Paris, ce 18 septembre 1790.

Cette lettre vous parviendra, mon cher ami, par M. Servan, qui va faire ses vendanges à Condrieu et qui vous verra sans doute. Je crains bien qu’il n’ait dit tout à fait adieu à Paris. C’est un membre fervent que perd la Société[2] ; Dieu veuille qu’il répande là-bas du patriotisme… j’ai lu avec plaisir les détails que vous m’envoyez sur les abbayes que vous avez vues. Continuez. Le plan est bien entre vos mains et celles de Bancal, et je m’en rapporte à lui pour les bases. M. Servan me paraît bien désirer qu’il s’exécute, et en être. À propos, recommandez-le à M. de La Platière. Ils sont bien dignes de se connaître et de devenir amis. J’ai reçu des lettres d’Amérique qui me confirment le bonheur de mon beau-frère[3]. J’ai reçu aussi le projet et l’offre de vente de la belle terre de Spring-Hill de M. Légaux dont je vous avais parlé. Je vois ici que beaucoup de gens de la ferme[4] se disposent à passer en Amérique. Ce sera notre refuge, si la liberté ne peut pas se soutenir…


J.-P. Brissot.

Ainsi, c’est Brissot qui adresse Servan aux Rolaud[5]. Le ministère Roland-Servan-Clavière de mai 1792 sera donc bien, dans toute la force du terme, un ministère « brissotin ».

On voit aussi combien ce rêve d’Amérique, dont se berçait Lanthenas, fut aussi toujours celui de Brissot, comme il fut celui de Madame Roland aux jours de l’adversité[6].


§ 4.

Quand les Roland arrivèrent à Paris, à la fin de février 1791, et s’installèrent à l’hôtel Britannique, rue Guénégaud, Brissot, avec qui ils correspondaient depuis plus de quatre ans sans l’avoir encore vu, fut naturellement une de leurs premières relations. « Brissot vînt nous visiter ; nous nous trouvâmes liés comme d’anciens amis… (Mém., I, 54). « Grégoire doit venir passer la soirée chez nous aujourd’hui, avec Brissot, Garran et plusieurs autres », écrit, le 28 février, Roland à Champagneux (ms. 6241, fol. 18). Brissot conduisit les Roland chez Pétion, ce qui les lia avec Buzot et Robespierre, et bientôt le salon du premier étage de l’hôtel Britannique devint, « quatre fois par semaine, après les séances de l’Assemblée et avant celle des Jacobins[7], « le lieu de réunion de ce petit comité », comme dit Madame Roland, c’est-à-dire du groupe militant qui représentait l’extrême gauche de la Constituante.

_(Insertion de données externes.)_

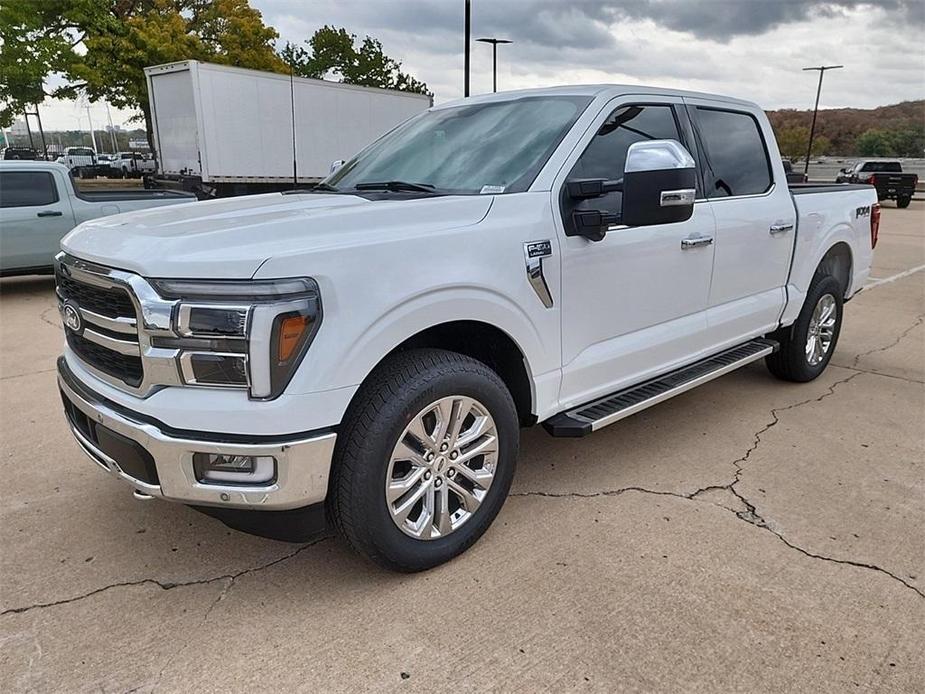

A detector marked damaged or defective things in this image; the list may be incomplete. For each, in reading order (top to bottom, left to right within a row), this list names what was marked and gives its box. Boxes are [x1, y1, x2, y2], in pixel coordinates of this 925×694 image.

crack in pavement [0, 540, 332, 620]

Mais on se voyait aussi en famille ; Madame Roland apprécia vite Mme Brissot, dont elle

  1. Ms. 9534, fol. 54.
  2. Quelle Société ? Probablement celle des Amis des noirs.
  3. Le beau-frère de Brissot, François Dupont, était établi comme colon aux environs de Philadelphie depuis le commencement de 1789.
  4. Mot peu lisible au manuscrit.
  5. Servan, toutefois, n’alla pas au Clos. Il se rendit directement à Lyon et chargez Mme Blot de faire parvenir à Lanthenas la lettre de Brissot (ms. 9534, fol. 243-244). Ce n’est qu’en décembre que les Roland firent sa connaissance à Lyon (lettre 396).
  6. Cf. Mémoires, I, 57 ; II, 44, 64, 103. — C’est là qu’elle veut envoyer Buzot proscrit (lettre 542). Cf Mémoires de Louvet, éd. Aulard, I, 130.
  7. Cahier inédit des Mémoires, ms. 4697.